Algorithmic Chemical Identification Confidence for Highlight, 10-R6291

Principal Investigators
William Watson
Kristin Favela
Michael Hartnett
Inclusive Dates 
09/12/22 to 01/12/23

Background

Southwest Research Institute’s® (SwRI®) Artificial Intelligence in Mass Spectroscopy (AIMS) group has worked to push the boundaries of non-targeted analysis (NTA) using gas- and liquid-chromatography coupled mass spectroscopy via SwRI’s “Lighthouse” suite of chemical analysis programs. These tools automate portions of the workflow, reducing the overall analysis time by 90%. With this increase in throughput, the review of identifications found during suspect screening becomes the new limiting factor. This research provides a novel data-driven method for quickly assigning chemical identification confidences and automates the processing of multi-mode source (MMS) data to further increase identification confidence.

Approach

To accelerate identification confidence assignment, a machine learning method consisting of three steps was created. First, a new structural similarity algorithm was developed using the National Institute of Standards and Technology (NIST) mass spectral library. A twin deep neural network was trained to predict the structural similarity between two compounds by taking in their mass spectra and outputting the predicted Tanimoto similarity. Next, a random forest was trained using 42,000 spectra with manually labelled confidence levels, the newly created structural similarity score, and other features to classify identifications into three categories based on Schymanski levels. Lastly, an algorithm was created to match MMS data to corresponding electron ionization (EI) peaks and reassess classifications based on this additional data.
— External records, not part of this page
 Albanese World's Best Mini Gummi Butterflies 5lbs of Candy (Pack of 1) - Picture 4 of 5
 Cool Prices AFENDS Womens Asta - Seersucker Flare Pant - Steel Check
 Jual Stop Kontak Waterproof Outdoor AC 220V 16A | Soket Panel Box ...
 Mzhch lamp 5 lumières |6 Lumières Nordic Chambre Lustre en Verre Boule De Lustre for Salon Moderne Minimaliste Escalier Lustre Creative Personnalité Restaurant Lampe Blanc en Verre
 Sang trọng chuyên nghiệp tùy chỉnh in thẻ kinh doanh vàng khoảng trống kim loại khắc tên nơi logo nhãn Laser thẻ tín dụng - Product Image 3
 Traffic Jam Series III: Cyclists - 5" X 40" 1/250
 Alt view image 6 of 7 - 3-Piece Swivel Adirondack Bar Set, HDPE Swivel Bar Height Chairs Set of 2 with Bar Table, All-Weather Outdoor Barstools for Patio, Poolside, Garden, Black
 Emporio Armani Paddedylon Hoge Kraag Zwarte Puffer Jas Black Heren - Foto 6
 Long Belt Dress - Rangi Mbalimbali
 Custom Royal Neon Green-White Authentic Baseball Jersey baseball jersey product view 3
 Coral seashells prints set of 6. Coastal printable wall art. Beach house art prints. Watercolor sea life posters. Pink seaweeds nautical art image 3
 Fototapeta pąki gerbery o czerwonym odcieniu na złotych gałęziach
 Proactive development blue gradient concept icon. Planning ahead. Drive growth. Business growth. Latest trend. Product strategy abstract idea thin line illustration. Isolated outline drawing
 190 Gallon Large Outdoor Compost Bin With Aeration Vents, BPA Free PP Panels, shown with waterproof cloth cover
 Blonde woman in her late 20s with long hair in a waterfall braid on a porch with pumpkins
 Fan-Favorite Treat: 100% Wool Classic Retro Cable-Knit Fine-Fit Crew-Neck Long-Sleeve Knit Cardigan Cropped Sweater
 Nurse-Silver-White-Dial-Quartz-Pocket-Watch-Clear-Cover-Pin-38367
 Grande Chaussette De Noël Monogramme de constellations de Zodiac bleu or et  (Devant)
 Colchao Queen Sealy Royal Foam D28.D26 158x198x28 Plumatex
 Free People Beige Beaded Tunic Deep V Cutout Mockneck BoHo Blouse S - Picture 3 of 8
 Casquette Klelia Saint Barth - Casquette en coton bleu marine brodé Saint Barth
Deep Learning Similarity Score Model Architecture

Figure 1: Deep Learning Similarity Score Model Architecture.

Accomplishments

When evaluated on a consumer products focused sample set consisting of 1,507 chemicals, the method developed during this research achieved 76% balanced class accuracy. This analysis was done in significantly less time compared to manual review, only taking 0.03 seconds per peak, compared to around two (2) minutes for manual review. Additionally, subcomponents of this research achieved notable performance with the deep learning-based structure similarity score producing significantly higher correlation to ground truth, with an R2 score of 0.92 compared to 0.3 using standard methods, and automated MMS matching algorithm obtaining an F1 score of 0.88.

graph illustrating identification confidence classifications

Figure 2: Identification Confidence Classifications Evaluated on Consumer Product Sample Set.